Research has shown a strong connection between elevated testosterone levels and increased aggressiveness (Archer 2006) and attention to angry faces (Van Honk et al. 1999; Van Honk et al. 2001). It has been suggested that testosterone may facilitate approach towards signals of dominance challenge (Wirth and Schultheiss 2007). In addition, being exposed to high doses of testosterone prenatally (as measured via digit ratios), correlates with the propensity to engage in aggressive behaviour in adult life (Bailey and Hurd 2005) and predicts sensitivity to threatening faces (Kret and de Dreu 2013). Previous studies found that offenders have smaller digit ratios, that is, a higher prenatal exposure to testosterone and observed a clear link with criminal behaviour (Hanoch et al. 2012). The effects that were observed in the current study can possibly partly be explained by these biological markers. That said, childhood environment may have played an important role as well. Many offenders grew up in violent environments with aggression in their daily routine (Cima et al. 2008; Driessen et al. 2006; Heide and Solomon 2006; Hosser et al. 2007; Kopp et al. 2009; Lansford et al. 1995; Lindberg et al. 2009; Poythress et al. 2006. In turn, individuals exposed to a chronic early adverse history manifest higher levels of trait anger and anger reactivity than individuals who have not been exposed to such a harsh early history (Gardner and Moore 2008). Shahinfar et al. (2001) reported a relation between exposure to violence and social information processing difficulties among incarcerated adolescents.

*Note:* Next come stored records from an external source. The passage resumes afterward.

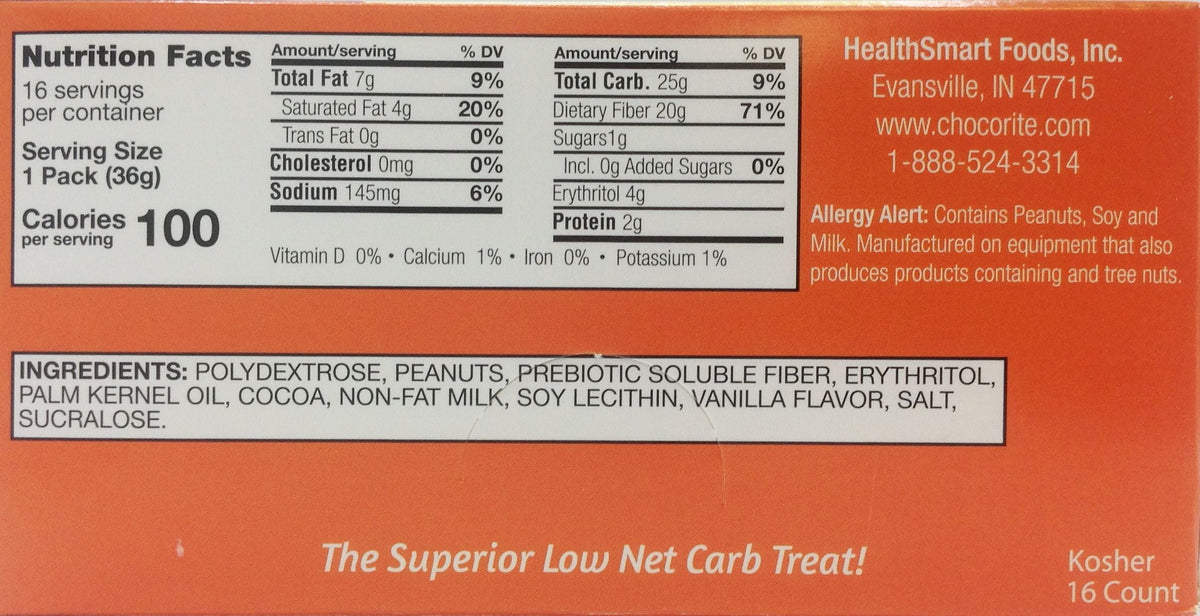Healthsmart ChocoRite Peanut Butter Cup Patties 16 packages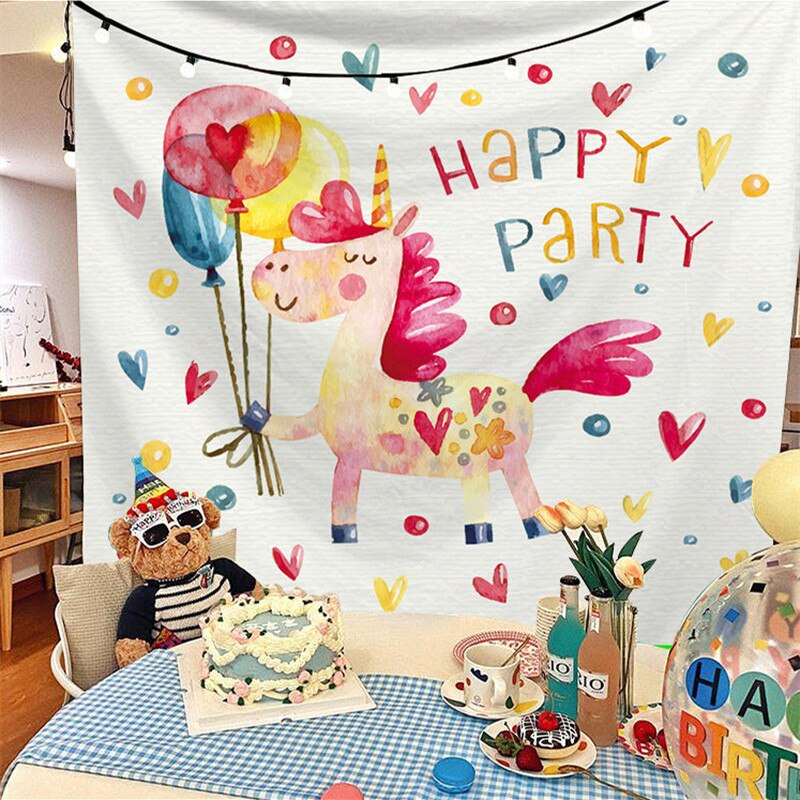 happy birthday wall decorations Tapestry wall hanging party bedroom tapestry decoration wall cloth bedroom hanging wall tapestry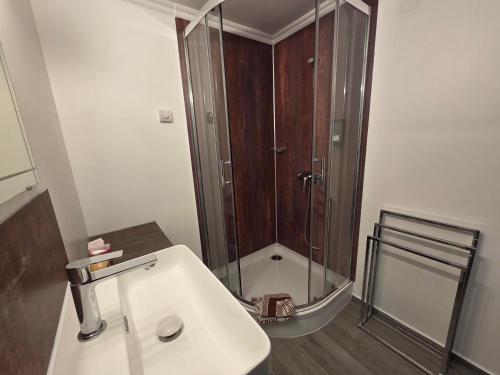 a bathroom with a shower and a white sink at Ferienhaus AUEN mit Seezugang in Velden am Wörthersee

It is difficult to say where the bias towards threatening body language that we observed in our study originated. But the important finding of our study is that there is such a bias, and this opens doors to therapeutic interventions. Fortunately, learned responses can be modified, especially in the young and non-psychopathic. In recent years, cognitive-behavioural interventions including aggression regulation courses have been developed and implemented in Dutch forensic institutions, and given the declining number of offences, this approach seems successful (CBS 2011: http://statline.cbs.nl). We believe that the new insights from our study may help to improve these interventions.

In summary, our study shows that violent offenders, aggressive men who had committed a violent offence with a male victim, and who have a strong tendency to get involved in fights, have problems with mixed emotional signals with a particular bias towards threatening body language, resulting in lower task performance and incorrect interpretations of happy signals (face or body) when a threatening context (body or scene) is provided.